** Opening Source data block **

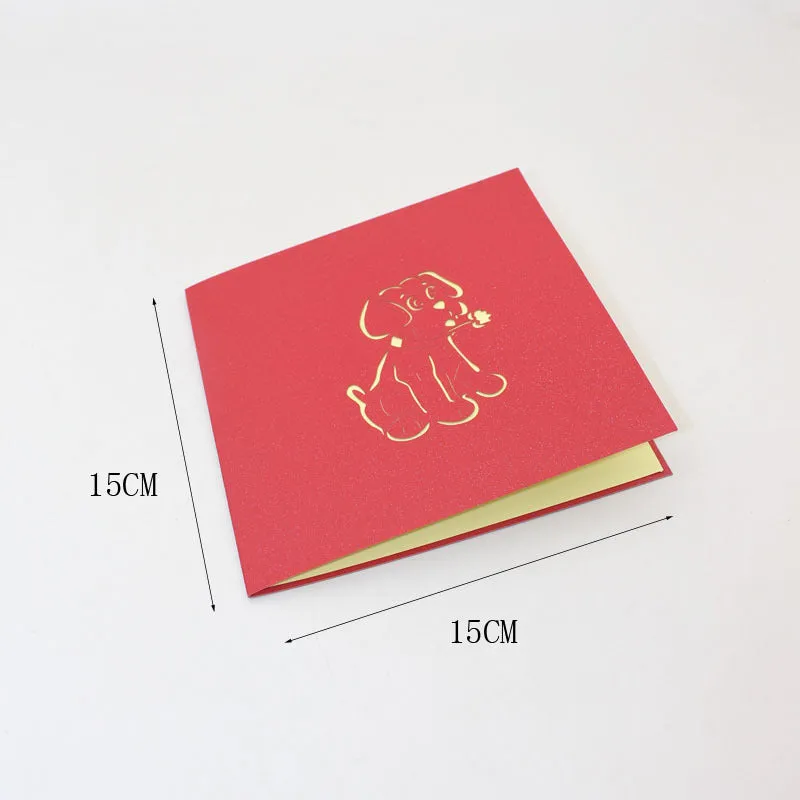 Single Dog Blessing Handmade Greeting Card 3D Pop-up Greeting Card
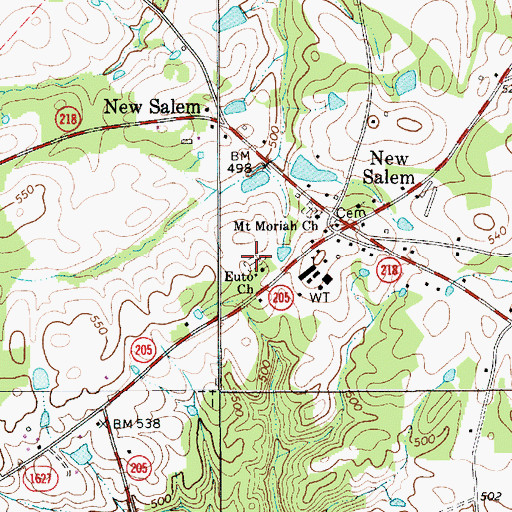 Topographic Map of Euto Church Cemetery, NC
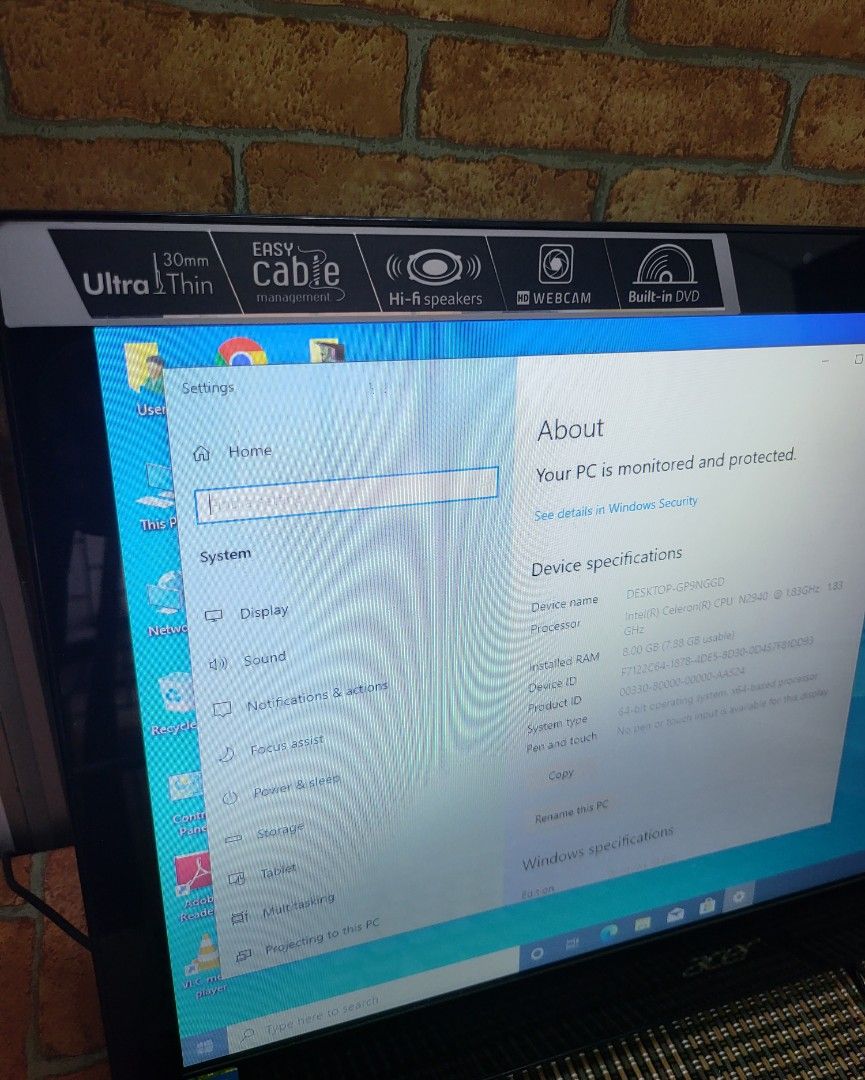 Acer All in one pc ultra slim Intel(R) Celeron(R) CPU N2940 @1.83GHz ...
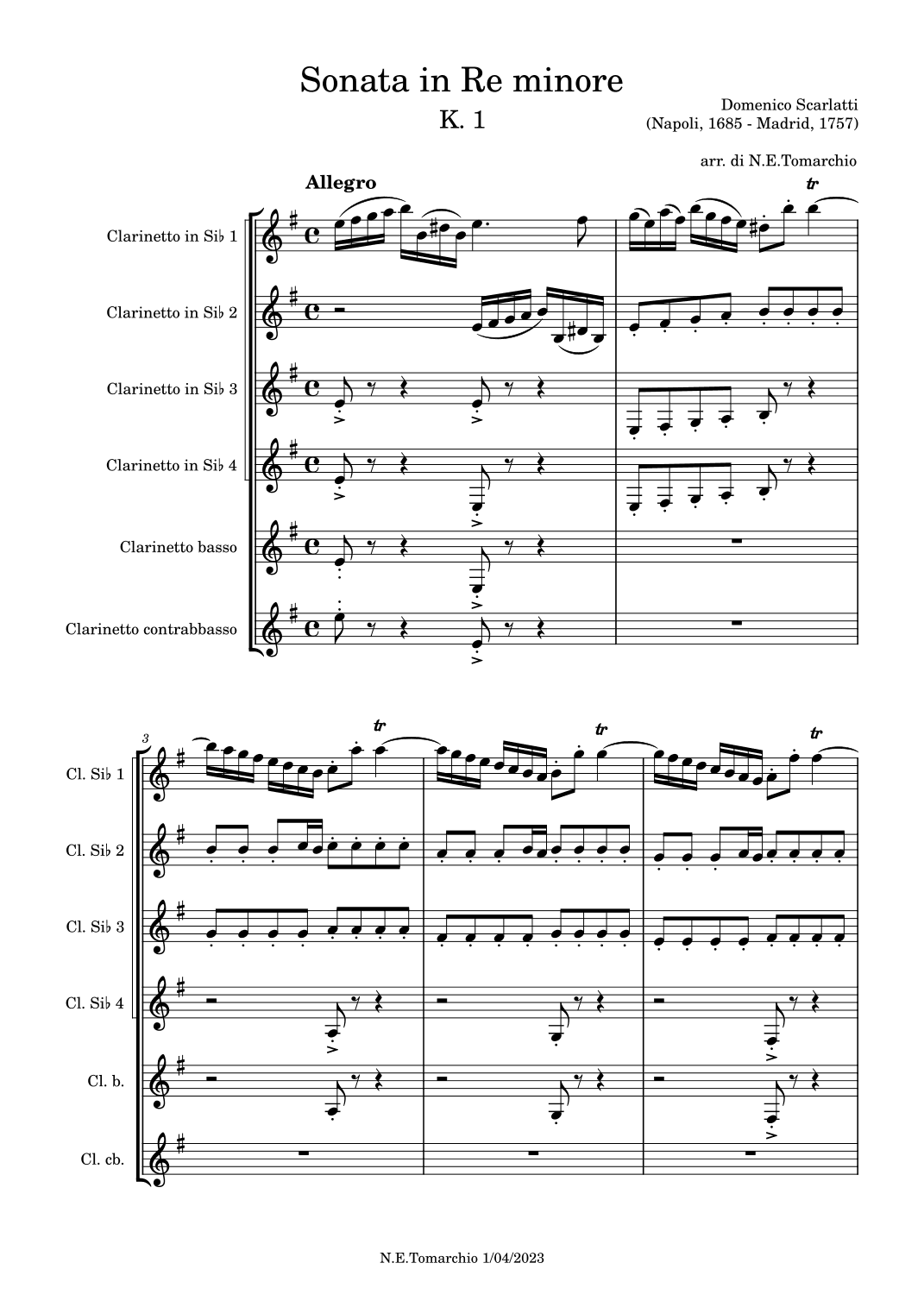 Sonata in Re minore K. 1 (arr. Natale Emanuele Tomarchio)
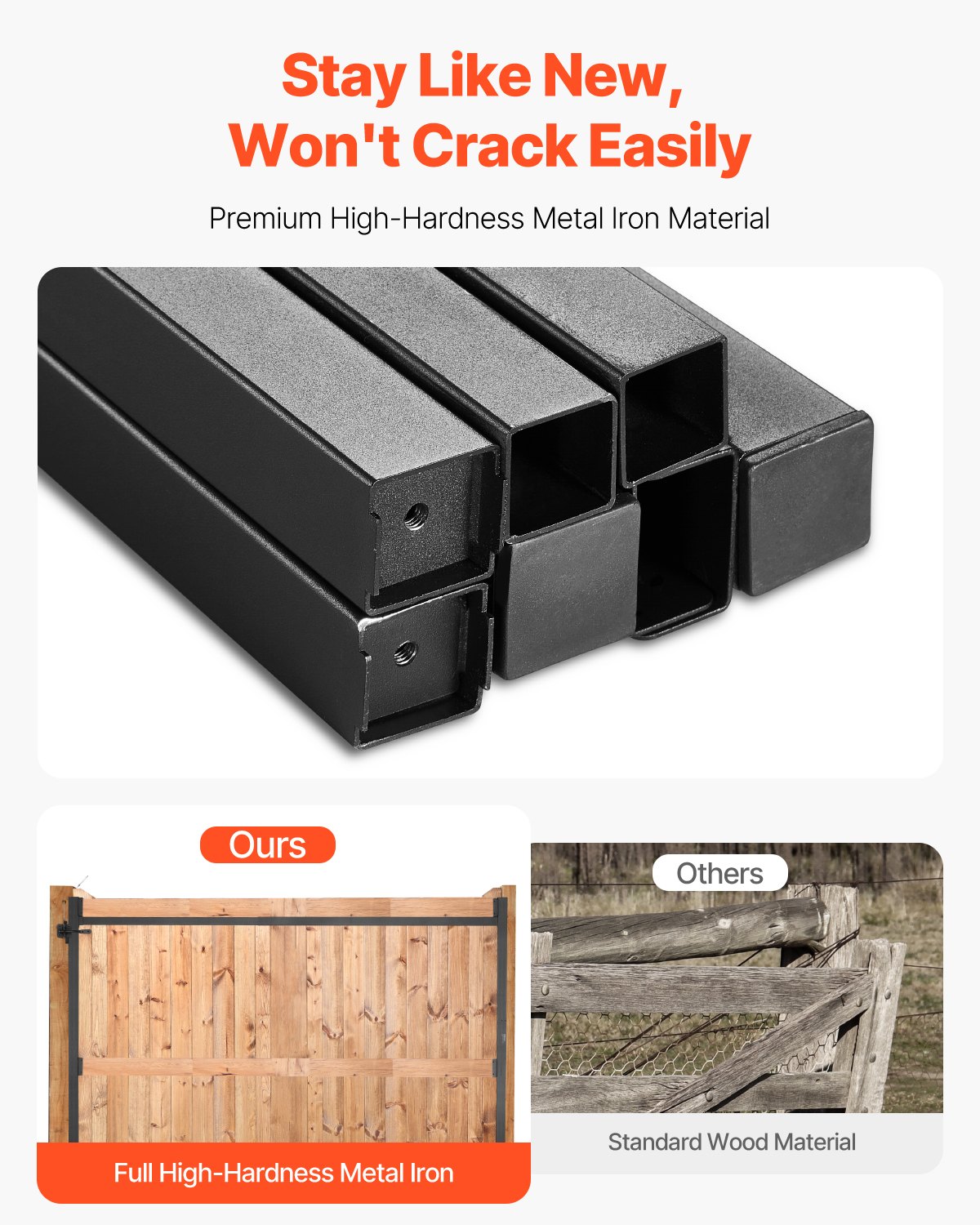 VEVOR Torbausatz passend für 915  bis 1524 mm breite Öffnungen, verstellbarer Torrahmensatz aus Eisen, durchhangsicherer Torrahmensatz mit Riegelschloss & Schrauben, für Holzzaun, schwarz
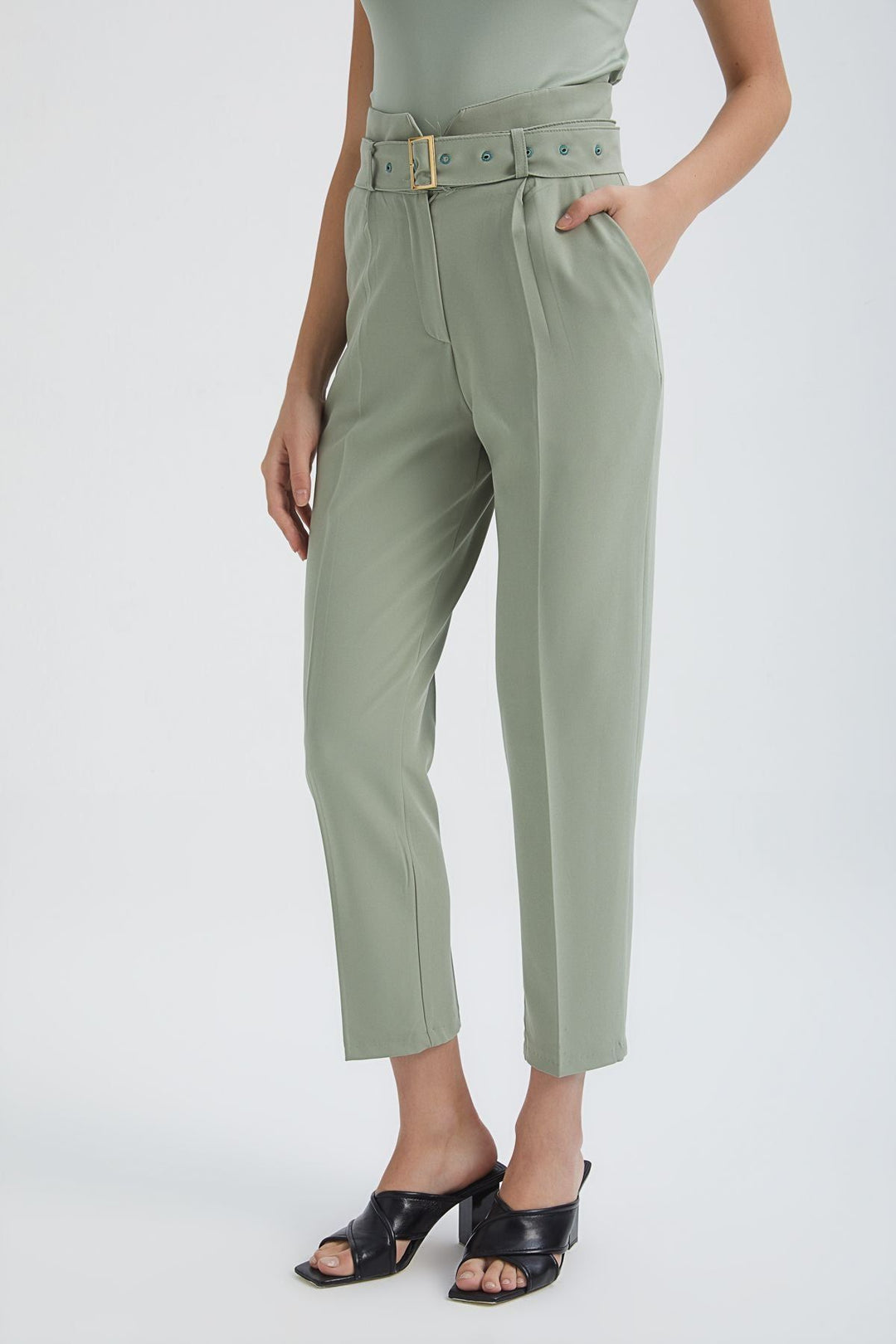 Kemerli Yüksek Bel Casual Pantolon Mint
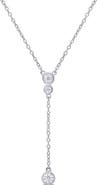 DELMAR Sterling Silver Created Moissanite Drop Pendant Necklace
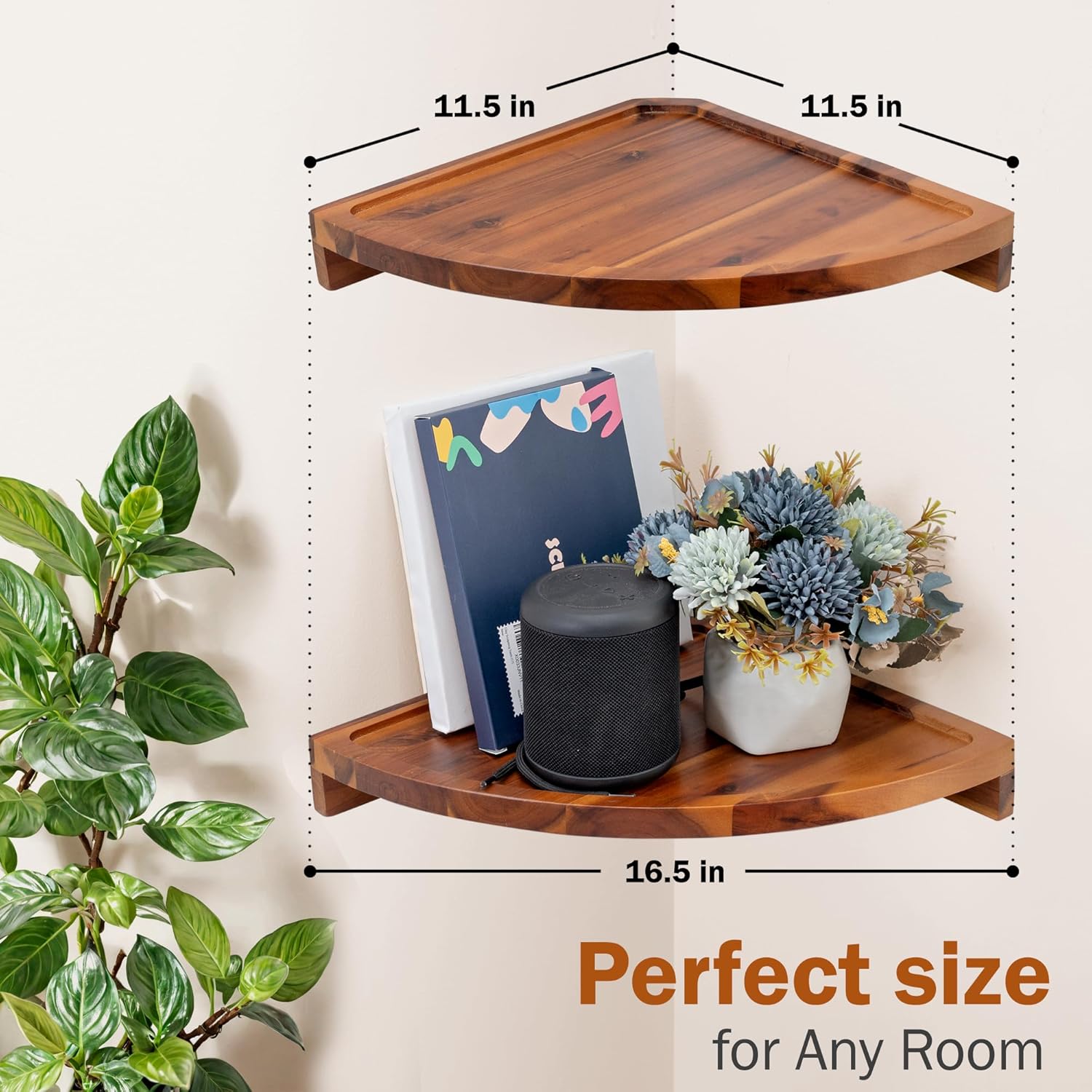 Demigo Floating Round Corner Shelves 2pcs Natural Brown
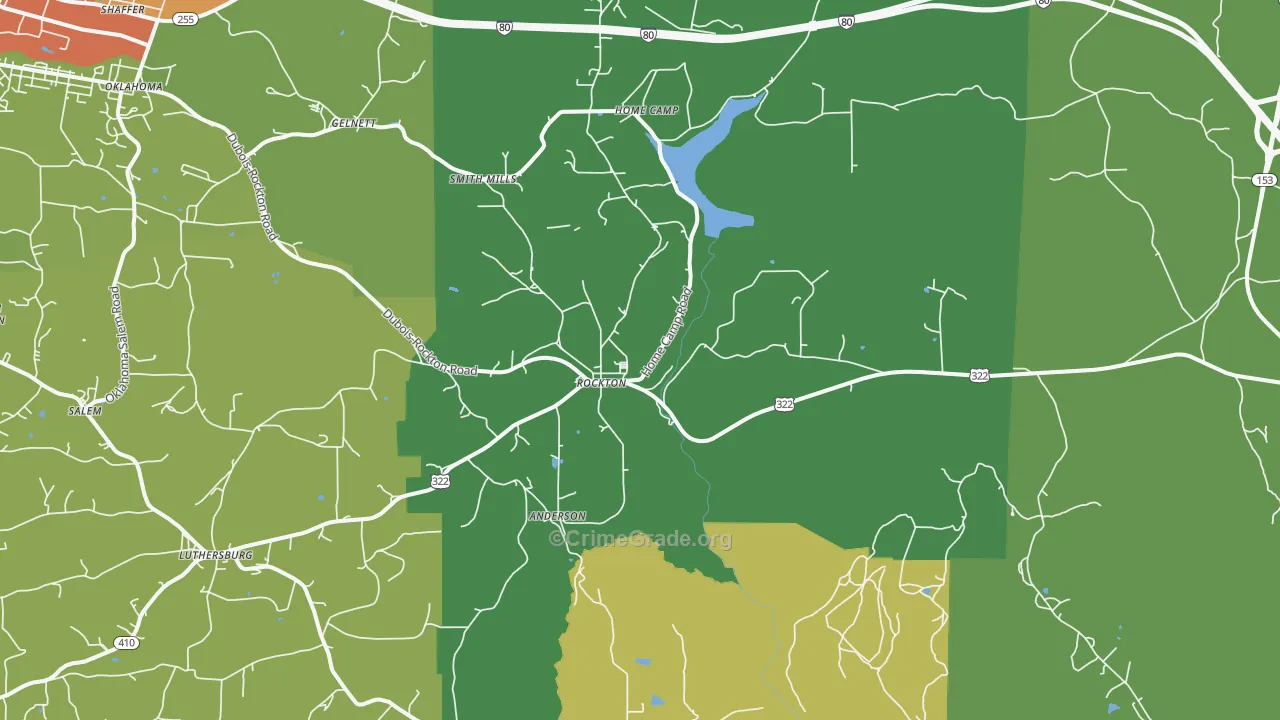 Rockton, PA Map of Vandalism Rates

** Closing Source data block **

#### Your task:
Return exactly the lines from the one with "Kemerli Yüksek Bel Casual Pantolon Mint" through the last line of the entries above, both ends included. No pictures may appear in the copy.

#### Task solution:
 Kemerli Yüksek Bel Casual Pantolon Mint
 DELMAR Sterling Silver Created Moissanite Drop Pendant Necklace
 Demigo Floating Round Corner Shelves 2pcs Natural Brown
 Rockton, PA Map of Vandalism Rates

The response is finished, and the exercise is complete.